What Rick Barnes told Rodney Terry after he took over as Texas head coach

IMG_3593by:Grant Ramey01/28/23

GrantRamey

Rodney Terry took over on game day. He was named the acting head coach at Texas on December 12, only hours removed from former head coach Chris Beard’s arrest. Later than night, the Longhorns were hosting Rice.

“He was in an uncharted situation that very few coaches have been in,” Rick Barnes said on Friday. 

Terry kept Texas on track against Rice, an 87-81 win that required overtime. He’s 10-2 after 12 games in charge, remaining as acting head coach through the rest of the season.

Not long after that win over Rice, Terry connected with Barnes, his former boss. 

Terry was a Texas assistant for nine years under Barnes, from 2002-11, before getting hired as head coach at Fresno State and then UTEP. He returned to Texas to join Beard’s staff in April 2021, resigning at UTEP to take the job alongside former Tennessee assistant coach Chris Ogden, another limb of the Barnes coaching tree. 

When Barnes talked to Terry, it was all about reassurance. 

“The first thing I said, ‘Hey, you know what you’re doing,’” Barnes said on Friday, recalling the conversation. “‘Be yourself, but until the situation is resolved, you’re going to have to go about it in a little bit different way. Just make sure you’re thinking most of all about the players because the staff is going to be fine.’”

The situation was resolved, at least for the time being, on January 5, when Texas fired Beard after he was charged with a third-degree felony for family violence.

“Now it’s going to shift into another level,” Barnes told Terry, “that you’re going to have to go to and that’s where you’re really going to have to be comfortable with the team and what you want to do. That’s where you have to be willing to make the changes you need to make.”

“He’s done that in his own subtle way,” Barnes added. “He’s slowing doing some things I know he’s comfortable with.”

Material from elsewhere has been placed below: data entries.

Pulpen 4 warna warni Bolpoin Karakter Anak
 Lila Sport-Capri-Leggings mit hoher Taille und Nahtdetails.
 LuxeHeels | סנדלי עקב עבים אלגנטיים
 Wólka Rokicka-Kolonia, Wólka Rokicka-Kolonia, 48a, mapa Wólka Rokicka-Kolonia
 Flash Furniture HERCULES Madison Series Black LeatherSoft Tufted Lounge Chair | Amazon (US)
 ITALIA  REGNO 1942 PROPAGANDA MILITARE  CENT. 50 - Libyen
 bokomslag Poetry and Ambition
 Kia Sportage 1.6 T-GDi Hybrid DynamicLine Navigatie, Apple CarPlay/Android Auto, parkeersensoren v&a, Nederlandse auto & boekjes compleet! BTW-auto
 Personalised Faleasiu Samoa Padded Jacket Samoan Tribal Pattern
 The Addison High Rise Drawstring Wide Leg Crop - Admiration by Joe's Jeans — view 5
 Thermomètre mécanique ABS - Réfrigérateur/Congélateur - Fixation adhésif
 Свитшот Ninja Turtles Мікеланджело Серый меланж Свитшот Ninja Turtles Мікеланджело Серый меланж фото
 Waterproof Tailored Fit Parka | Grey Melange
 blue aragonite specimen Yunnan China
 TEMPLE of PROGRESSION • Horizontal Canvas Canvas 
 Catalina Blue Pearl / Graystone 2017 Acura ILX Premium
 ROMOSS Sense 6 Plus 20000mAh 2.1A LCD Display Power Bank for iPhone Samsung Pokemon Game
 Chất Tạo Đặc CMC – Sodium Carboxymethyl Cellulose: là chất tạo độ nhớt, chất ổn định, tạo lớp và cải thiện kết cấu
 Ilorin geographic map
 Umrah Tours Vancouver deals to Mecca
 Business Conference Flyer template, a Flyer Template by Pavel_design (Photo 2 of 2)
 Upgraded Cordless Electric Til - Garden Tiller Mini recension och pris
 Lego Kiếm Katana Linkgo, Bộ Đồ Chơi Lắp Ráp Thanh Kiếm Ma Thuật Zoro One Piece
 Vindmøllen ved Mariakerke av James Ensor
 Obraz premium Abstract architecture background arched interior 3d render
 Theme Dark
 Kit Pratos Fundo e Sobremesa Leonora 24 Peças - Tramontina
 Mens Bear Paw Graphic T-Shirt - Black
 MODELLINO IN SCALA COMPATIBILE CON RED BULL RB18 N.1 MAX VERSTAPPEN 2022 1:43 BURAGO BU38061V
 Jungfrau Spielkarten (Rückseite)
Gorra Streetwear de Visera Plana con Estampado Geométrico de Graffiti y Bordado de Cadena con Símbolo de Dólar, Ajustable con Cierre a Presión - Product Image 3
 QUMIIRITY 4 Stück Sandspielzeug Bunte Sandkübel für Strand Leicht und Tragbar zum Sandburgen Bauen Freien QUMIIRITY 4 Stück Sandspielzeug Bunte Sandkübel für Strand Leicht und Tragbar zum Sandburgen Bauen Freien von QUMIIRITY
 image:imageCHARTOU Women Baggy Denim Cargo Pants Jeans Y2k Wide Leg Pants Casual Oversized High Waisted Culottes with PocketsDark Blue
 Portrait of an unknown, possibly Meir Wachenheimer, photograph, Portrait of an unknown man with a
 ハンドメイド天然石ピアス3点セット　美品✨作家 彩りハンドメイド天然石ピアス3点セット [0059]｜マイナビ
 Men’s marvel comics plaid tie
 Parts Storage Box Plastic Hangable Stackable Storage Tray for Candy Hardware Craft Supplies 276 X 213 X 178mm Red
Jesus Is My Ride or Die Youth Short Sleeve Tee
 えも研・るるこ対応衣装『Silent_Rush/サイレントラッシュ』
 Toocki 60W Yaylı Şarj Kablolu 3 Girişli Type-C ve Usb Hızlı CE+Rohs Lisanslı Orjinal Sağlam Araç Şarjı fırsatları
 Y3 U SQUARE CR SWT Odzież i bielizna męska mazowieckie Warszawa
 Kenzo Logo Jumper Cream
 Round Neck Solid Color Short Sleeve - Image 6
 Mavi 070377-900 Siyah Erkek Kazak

Rodney Terry is 10-2 through 12 games as Texas interim head coach

Terry has kept Texas ranked in the top ten. He’s led the Longhorns to a 6-2 record so far in Big 12 play, tied for first in the league standings, navigating around bumps in the road against Kansas State, a 116-103 loss in Austin, and a 78-67 loss at Iowa State on January 17.

Texas is No. 8 in the NET and No. 9 overall in the KenPom.com ratings, ranked No. 12 in adjusted offensive efficiency and No. 27 in defensive efficiency. They Longhorns are currently projected as a No. 2 seed in the NCAA Tournament.

Terry talking with Barnes after the win over Rice was nothing out of the ordinary. He leaned on Barnes during his head coaching tenures at Fresno State and UTEP, too.

“Coach has always given me incredible advice,” Terry said on Thursday. “… He wouldn’t tell me what to do, but he would give me some pointers on things in terms of how he would particularly deal with things.” 

The topic of the conversation  — the situation that was unfolding in Austin  — was the only difference this time around. 

“He said to me you know what, you better be prepared to be in that seat all year long,” Terry said. “Be prepared to wheel this team throughout the rest of the course of the season. And you’re more than prepared for this opportunity. You’ve got 10 years under your belt, you’re successful, you’ve been doing it. 

“And you’ve been coaching this team already, so you’re prepared for this opportunity. You’re prepared for this season, so go out and enjoy the ride. Try to take these guys are far as you can take them.”

Up Next: No. 4 Tennessee vs. No. 10 Texas, Saturday, 6 p.m. ET, ESPN

Terry, a Texas native, started his coaching career in high school basketball, working at the prep level for seven years before getting hired as an assistant at Baylor in 1996. Barnes hired him away from UNC Wilmington in 2002. 

Barnes hasn’t been surprised watching Terry keeping this Texas team on track during an unprecedented season.

“I think after they won that first game,” Barnes said, “you saw the respect that the players have for him with the way they treated him after the game … he’s been around it and been around high-level basketball for a long time and he knows what it takes.”